The most critical Democratic misfire involved a proposed assault weapons ban. Though lawmakers did pass important gun violence prevention measures, the assault weapons ban was the true test of their commitment to halting the slaughter that has become routine in public places throughout the country. In the words of Rep. Jennifer Bacon, a Denver Democrat who is vice chair of the House Judiciary Committee, the issue is “the conversation of our generation.”
Democrats not only silenced the conversation, but they did it as quickly as possible, right in the first committee that heard the bill.

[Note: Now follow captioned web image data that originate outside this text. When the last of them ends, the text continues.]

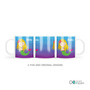 Personalized kids cup with cute blonde mermaid ocean background and name Stella on blue gradient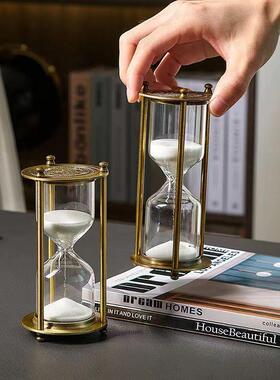 严选创意复古轻奢金属沙漏计时器15/30分钟办公室装饰品酒柜礼品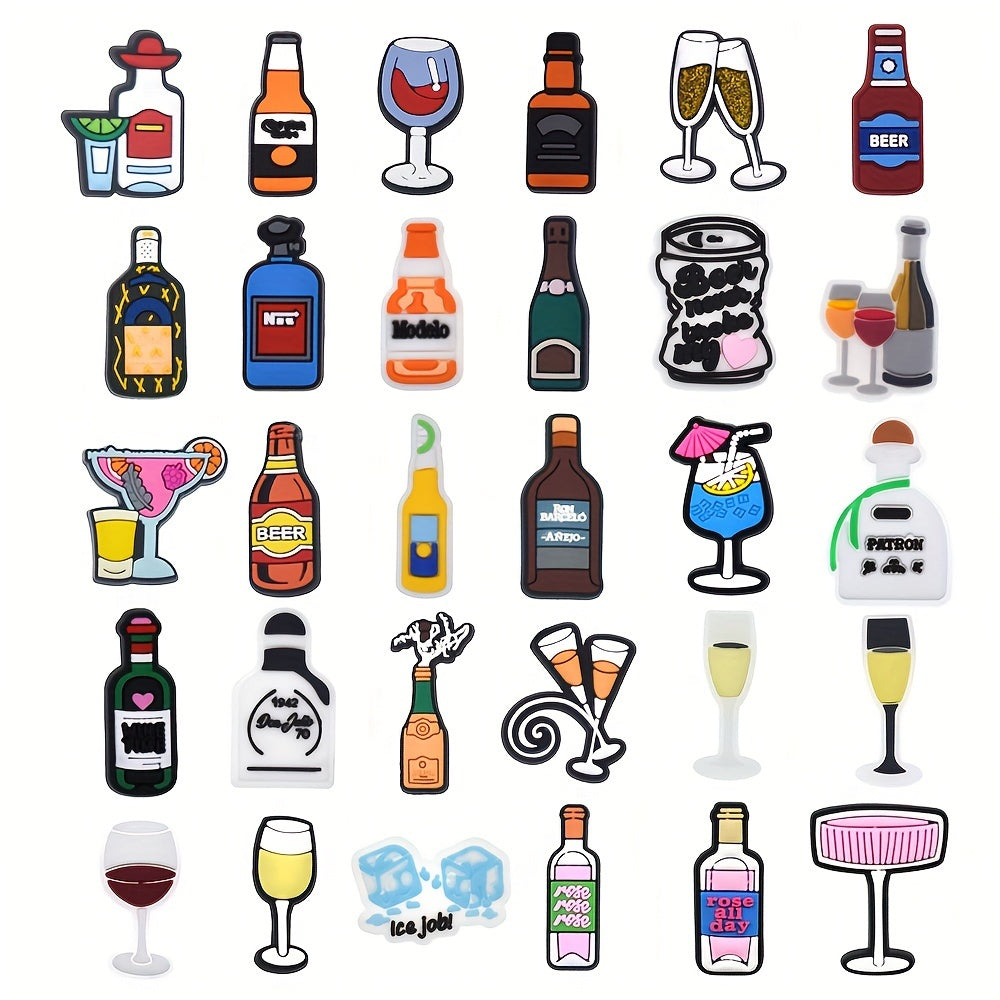 Unisex PVC Shoe Charms Party Decorations Champagne Pattern 30pcs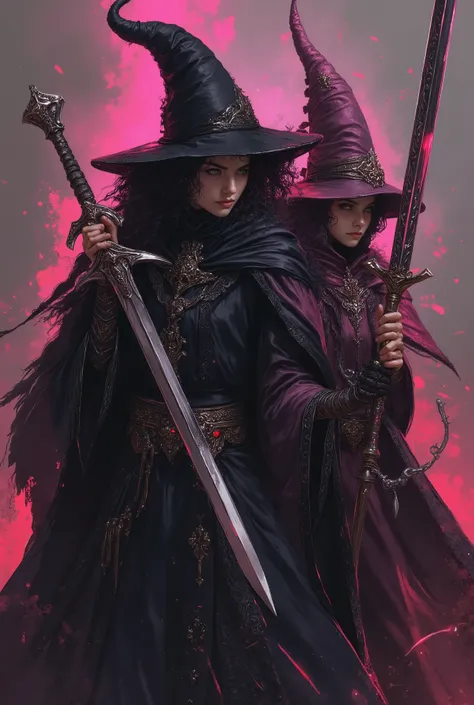 two person, beuriful young wizards. good looking, one wizard Holding two Hunting dagger, glemering old rose pinks Hunting dagger. another wizard Holding large slim glemering old rose pinks saber .fighting action with a fierce face. Dynamic pose. wearing Ee...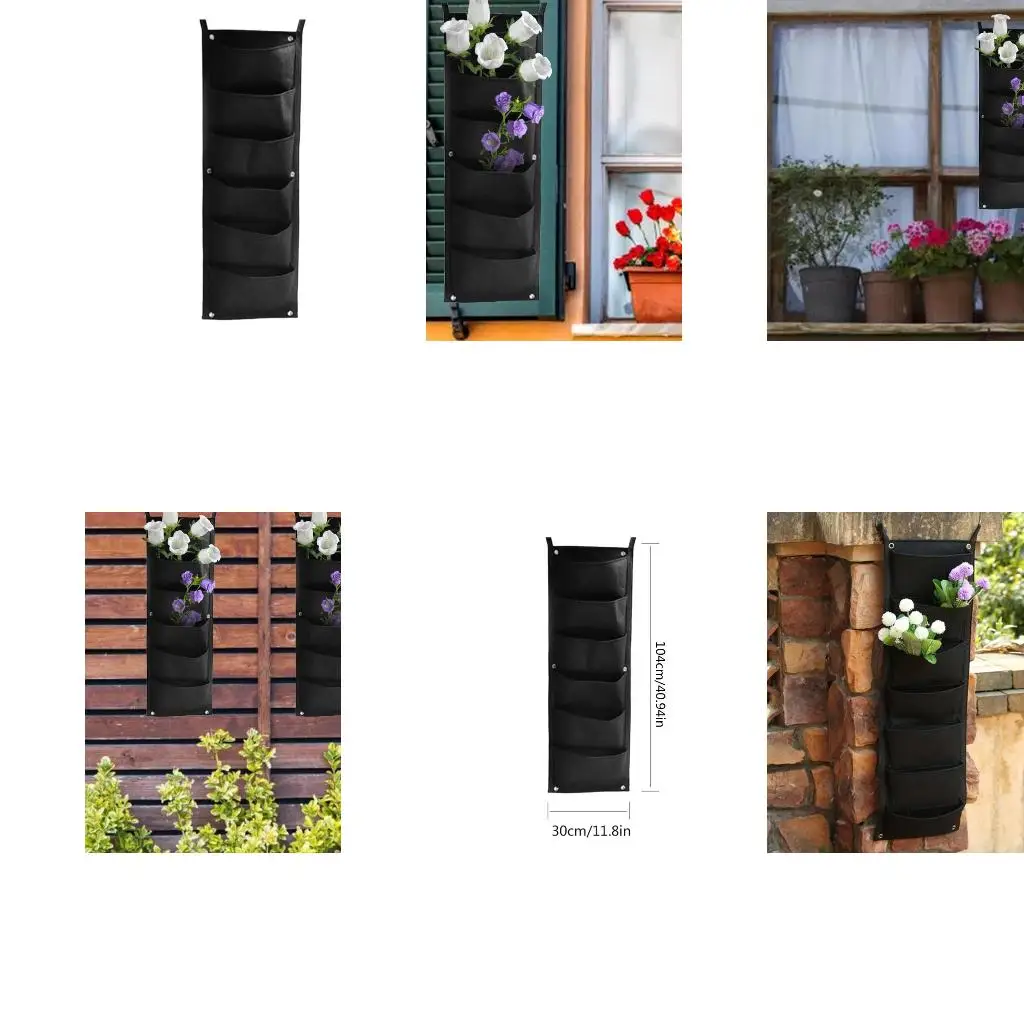 Vertical Hanging Garden Planter with 6 Pockets Waterproof Wall Mount Flower Pot Grow Bag Container Indoor Outdoor high quality
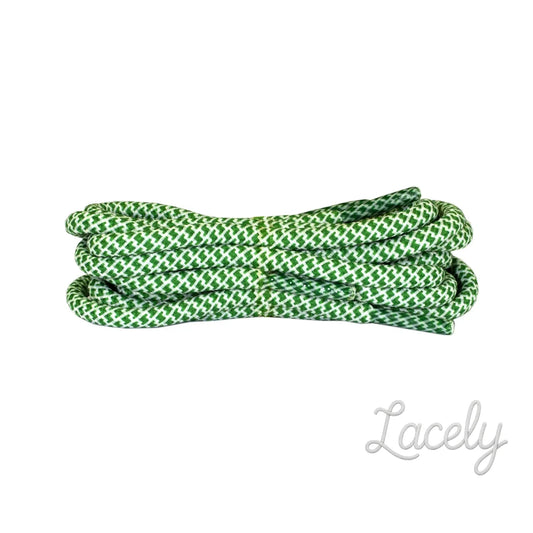 Green/White Honeycomb Mosaic Laces 1 pair - 120cm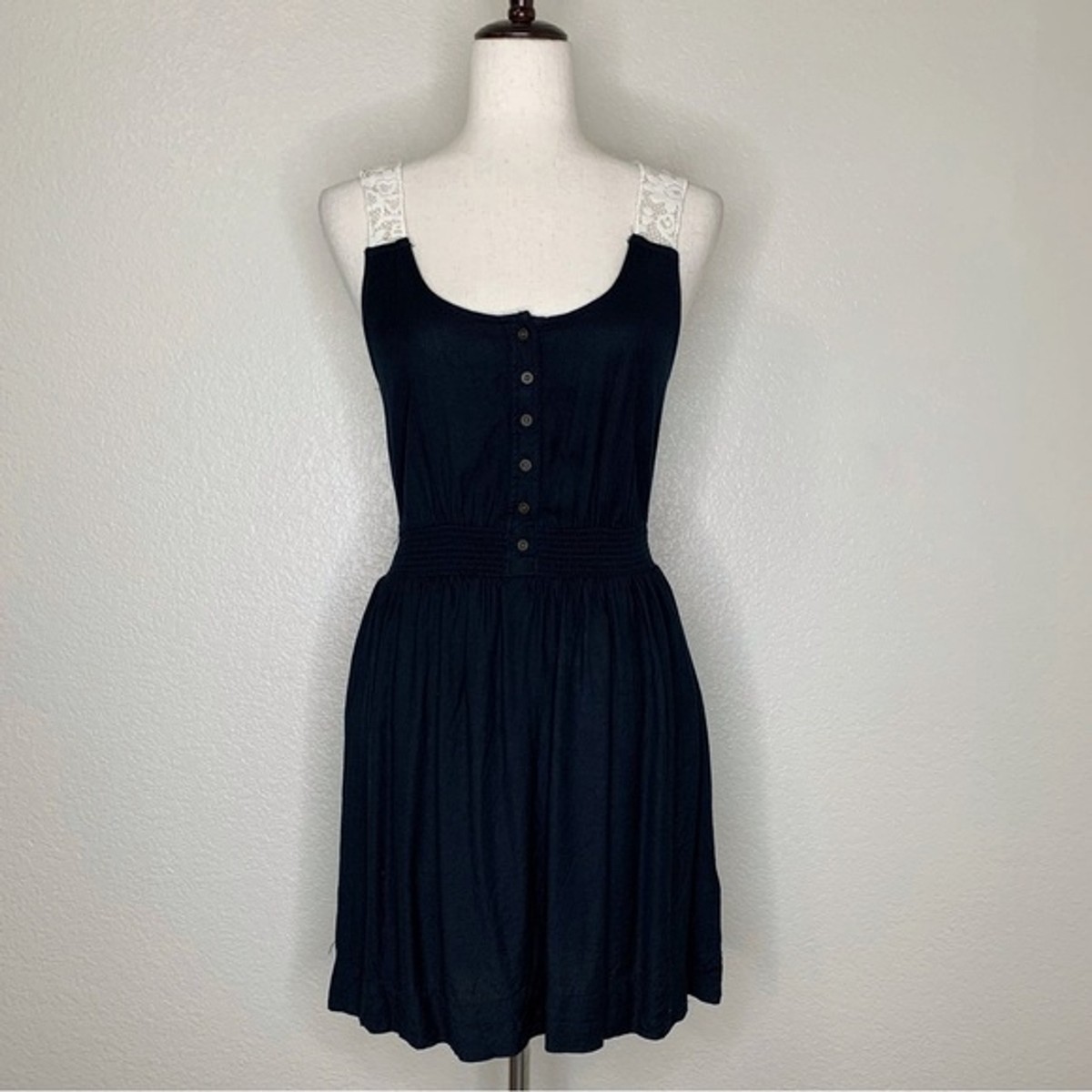 Charlotte Russe Lace Back Black Soft Casual Dress | eBay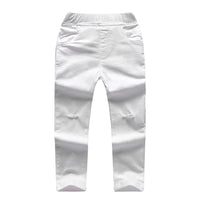 Girls Solid Pocket Denim Ripped Pants - PrettyKid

A majority of voters in Colorado and the country favor an assault weapons ban. President Joe Biden has called for a national assault weapons ban. Several of the most infamous mass shootings in American history have occurred in Colorado. Gun violence was top of mind at the Legislature since two shootings occurred at East High School within walking distance of the Capitol during this year’s session. Yet Democrats balked.
It would be hard to assign blame to particular officials for the session’s fecklessness. But Speaker Julie McCluskie, based both on her general responsibility as caucus leader and her specific approach to particular bills, is vulnerable to the sharpest criticism. Polis exhibited rare incompetence in failing to marshal land-use reform through the Legislature, and his opposition to the assault weapons ban may have doomed that proposal. Moderate Democrats like Sen. Dylan Roberts of Avon were a formidable roadblock to progressive proposals.
Following their dominant performance in the November elections, statehouse Democrats had a mandate to advance progressive policies, and their failure to do so could haunt them when they next face voters in 2024.
Colorado keeps trending blue. Last year, Polis beat his Republican challenger in the previously reliable GOP stronghold of Colorado Springs, and a Democrat came within 546 votes of beating Republican U.S. Rep. Lauren Boebert in a congressional district that’s supposed to favor Republicans by 9 points. At the start of the legislative session, there was a risk that an unchallenged Democratic majority would overreach and spur a backlash on the right. Instead Democrats underreached, which has already spurred a backlash on the left.
Housing advocates in Boulder have long tried to undo the city’s restriction on the number of unrelated adults who can live together, a policy that exacerbates the city’s already severe unaffordability. Advocates unsuccessfully tried to ease the the restriction with a local ballot measure, so they watched the state land-use reform bill with hope this year, because it would have stamped out local occupancy restrictions.
“After all we have been through, I thought this would be the year. I was wrong,” one of the Boulder housing advocates, Eric Budd, tweeted after the Legislature killed the land-use bill. The Legislature, like Boulder, proved to have progressive trappings and conservative instincts.
Still, Budd expressed an optimism that was also seen among many progressive lawmakers in recent days: “We’re not stopping.”